● Directions
In the entries below, find the line with "curiositeitshertendeken sherpa deken (3/4)" and the line with "German Shepherd dogs"; reproduce those two lines and all lines between them exactly, without pictures.

● Information given

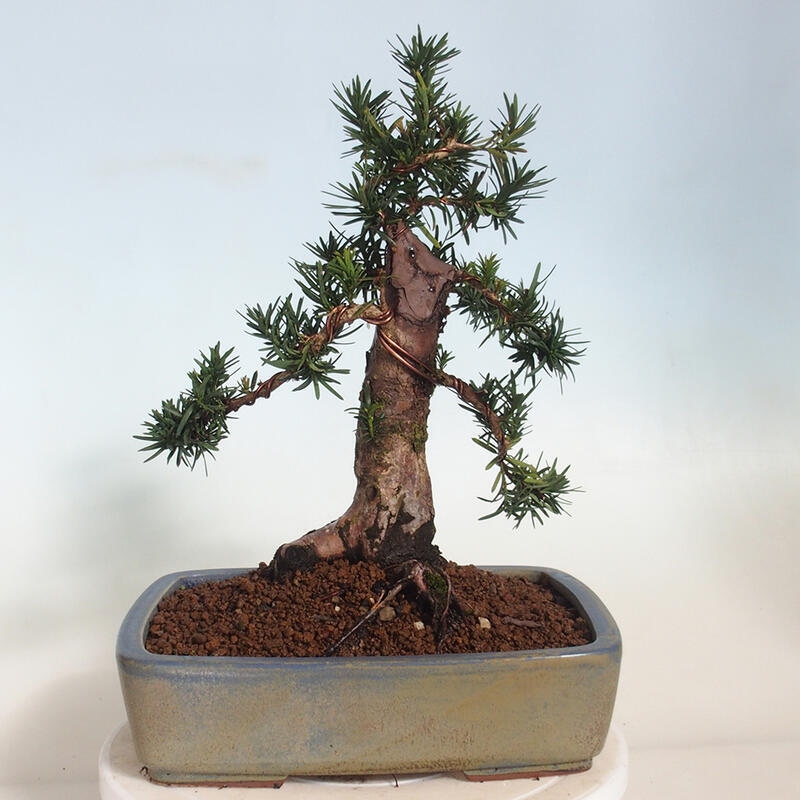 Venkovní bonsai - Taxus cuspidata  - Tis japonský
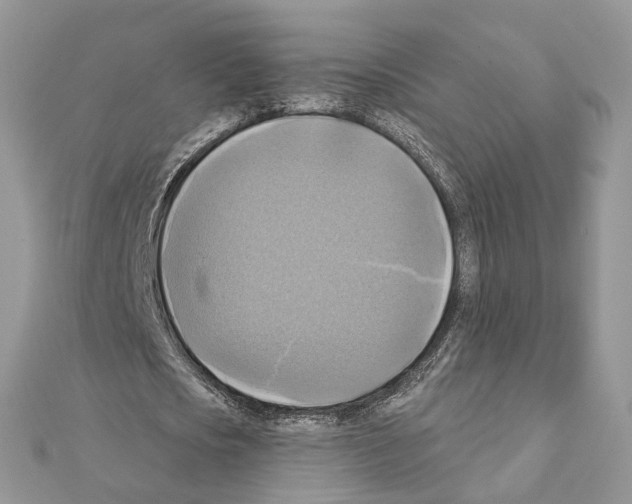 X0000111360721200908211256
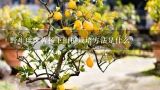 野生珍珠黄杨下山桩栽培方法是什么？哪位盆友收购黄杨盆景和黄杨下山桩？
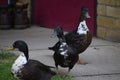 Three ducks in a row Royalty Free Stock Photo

* * *

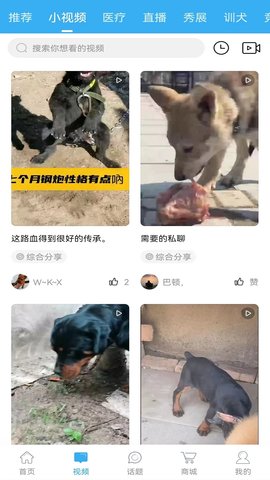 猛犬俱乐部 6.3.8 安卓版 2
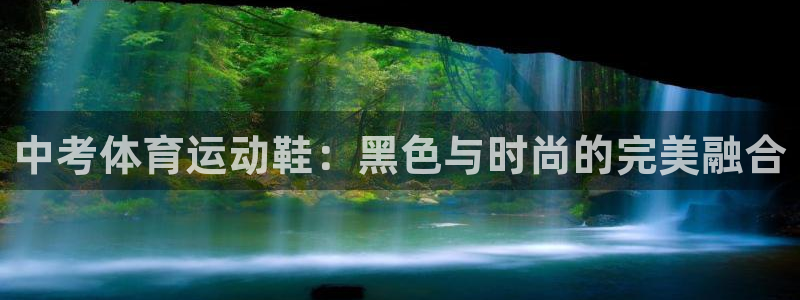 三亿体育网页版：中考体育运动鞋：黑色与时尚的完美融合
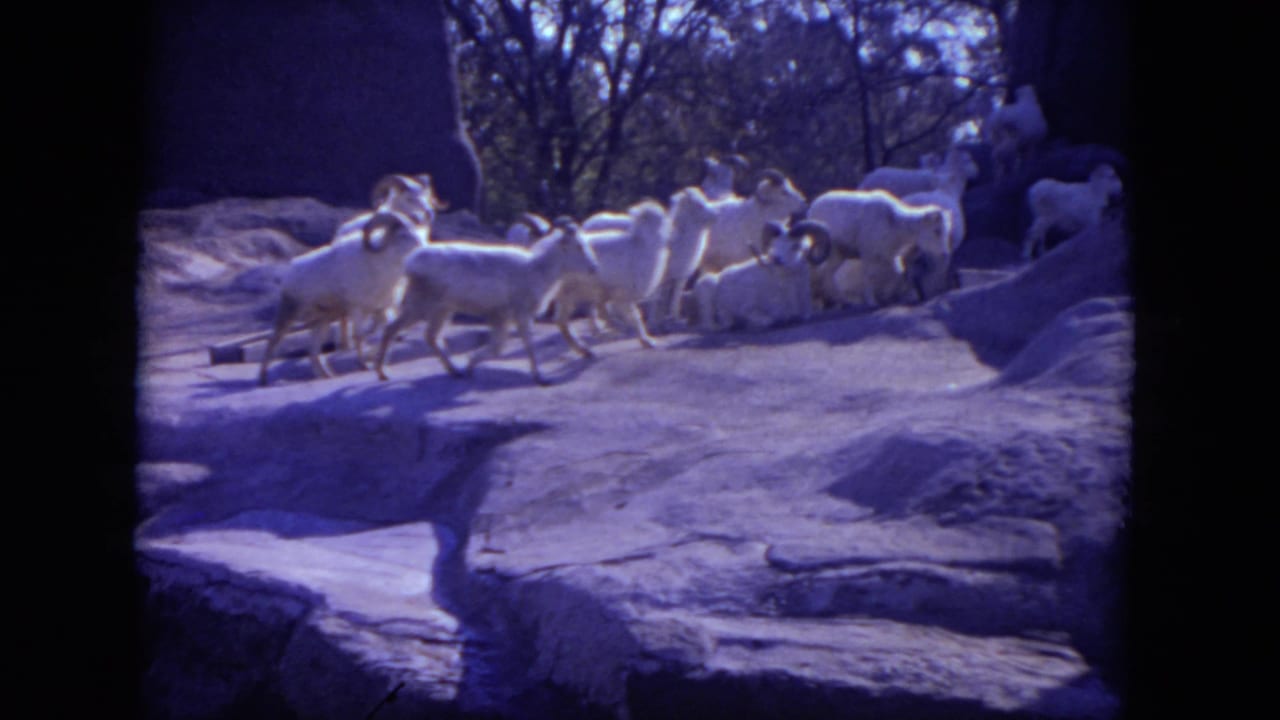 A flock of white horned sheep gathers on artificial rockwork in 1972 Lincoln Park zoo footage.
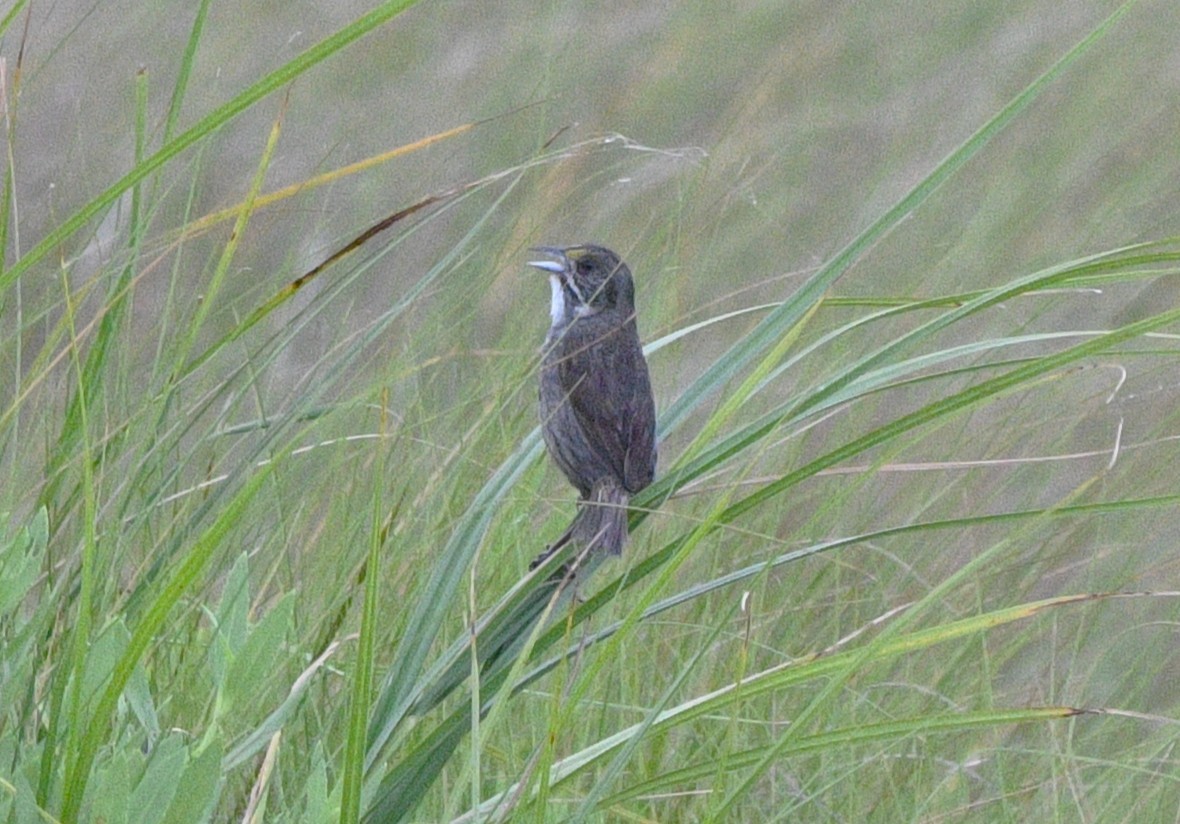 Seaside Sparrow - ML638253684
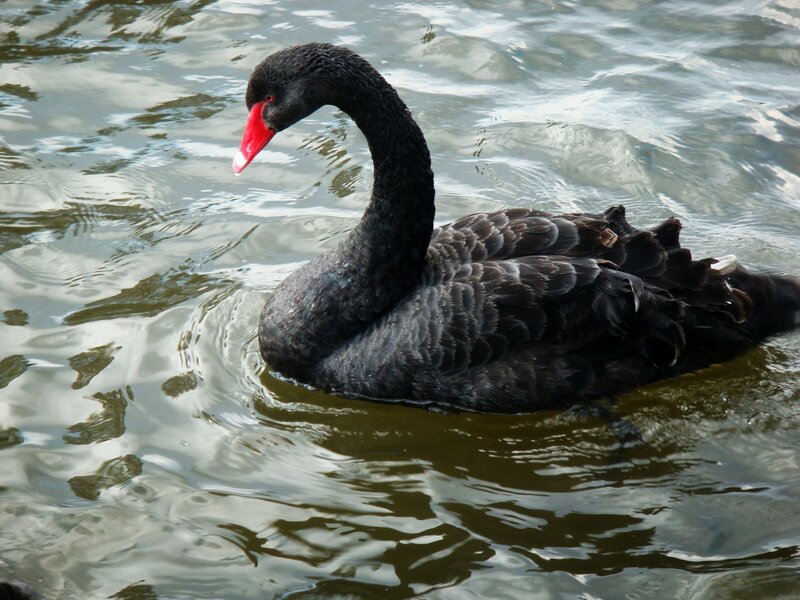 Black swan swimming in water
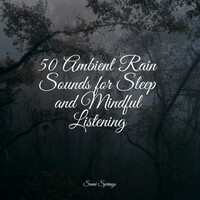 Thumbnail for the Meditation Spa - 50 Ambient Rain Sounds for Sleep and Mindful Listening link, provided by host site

* * *

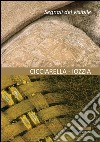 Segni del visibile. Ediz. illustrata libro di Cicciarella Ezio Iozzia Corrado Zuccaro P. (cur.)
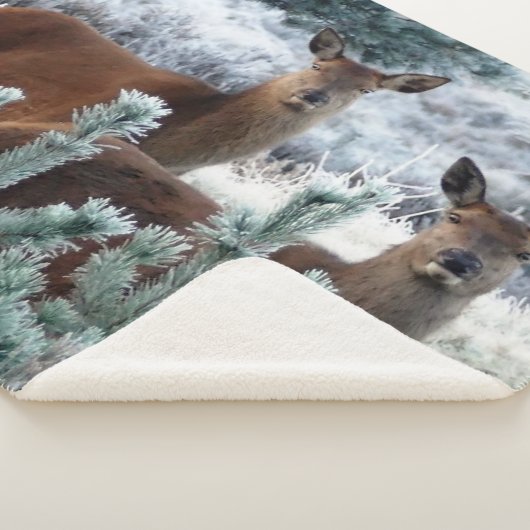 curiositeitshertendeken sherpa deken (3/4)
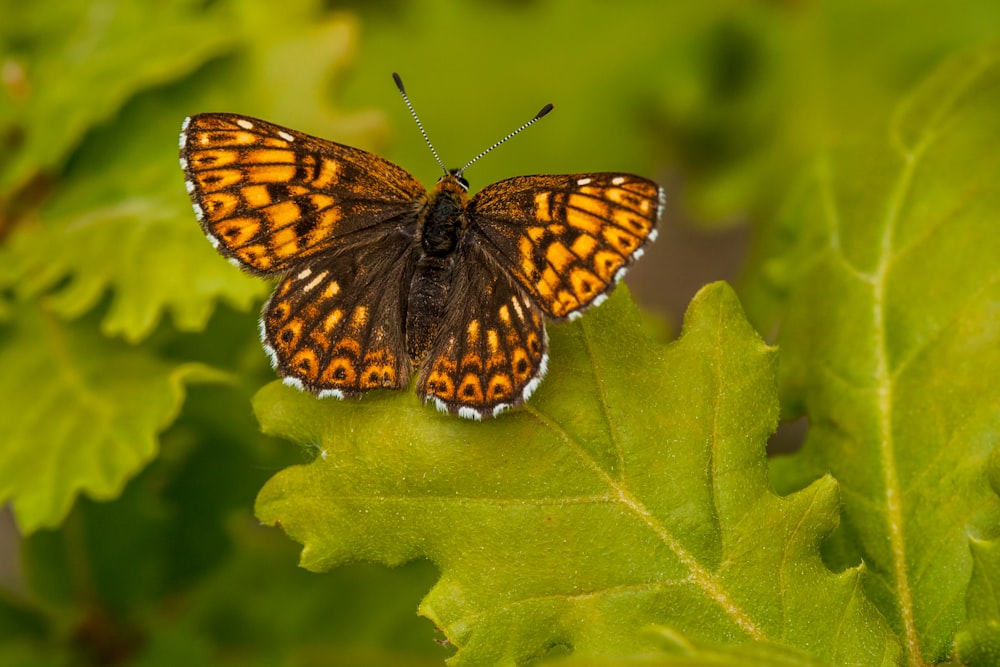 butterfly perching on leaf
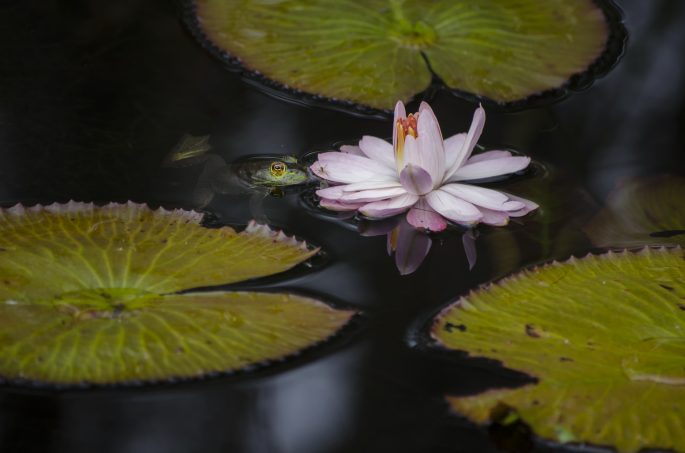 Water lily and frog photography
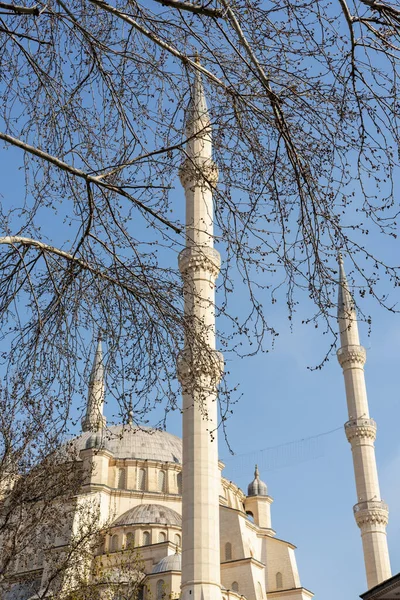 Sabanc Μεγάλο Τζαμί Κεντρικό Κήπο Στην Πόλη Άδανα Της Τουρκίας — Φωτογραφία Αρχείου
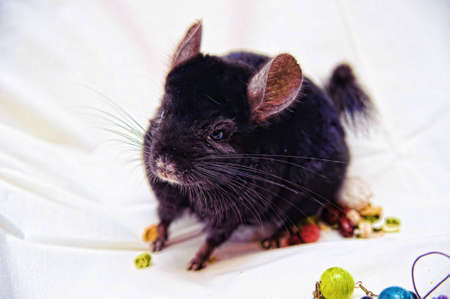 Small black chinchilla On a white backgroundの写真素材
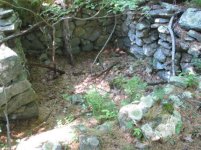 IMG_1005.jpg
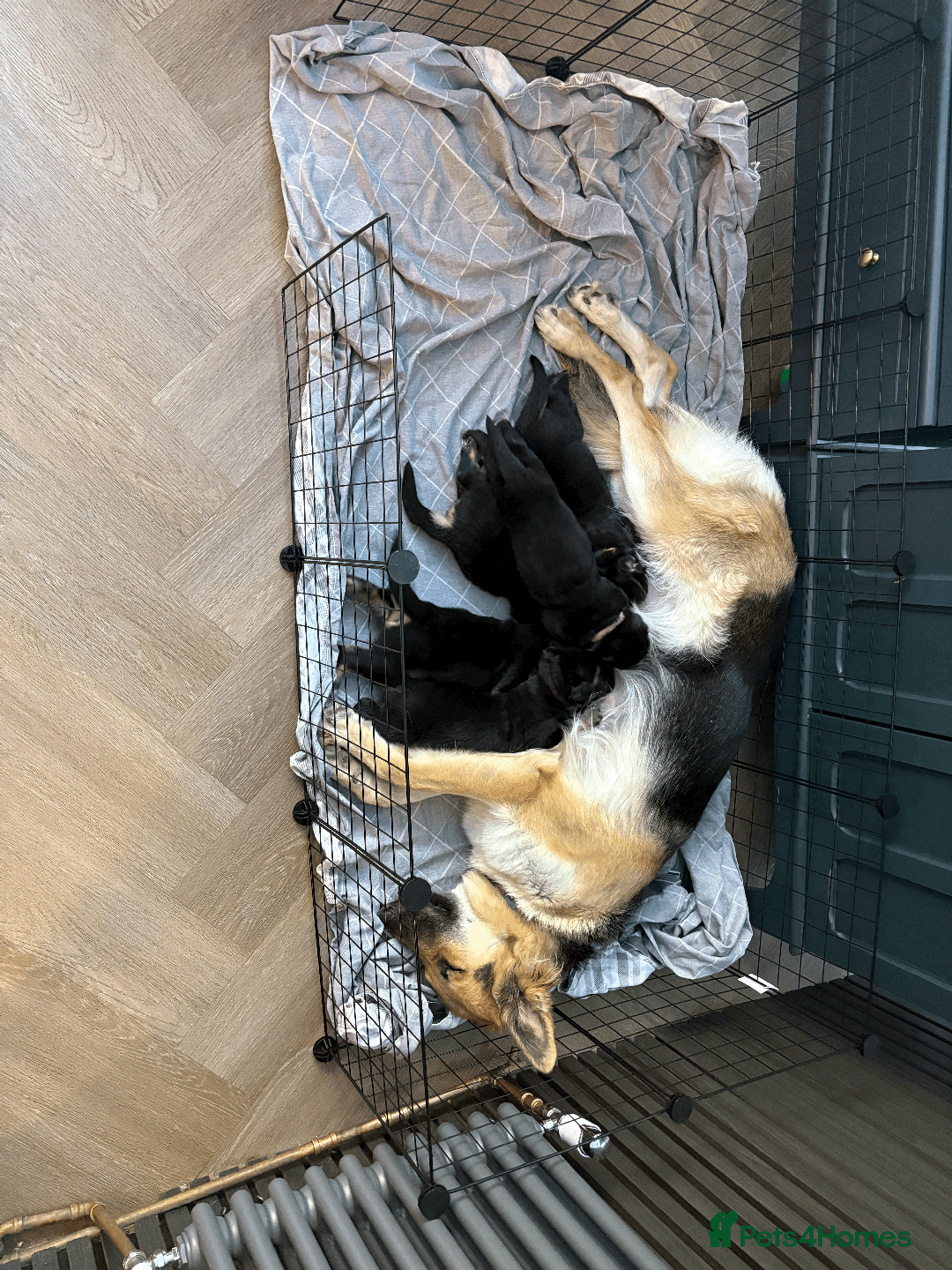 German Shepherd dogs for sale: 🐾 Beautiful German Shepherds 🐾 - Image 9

● Task output
 curiositeitshertendeken sherpa deken (3/4)
 butterfly perching on leaf
 Water lily and frog photography
 Sabanc Μεγάλο Τζαμί Κεντρικό Κήπο Στην Πόλη Άδανα Της Τουρκίας — Φωτογραφία Αρχείου
 Small black chinchilla On a white backgroundの写真素材
 IMG_1005.jpg
 German Shepherd dogs for sale: 🐾 Beautiful German Shepherds 🐾 - Image 9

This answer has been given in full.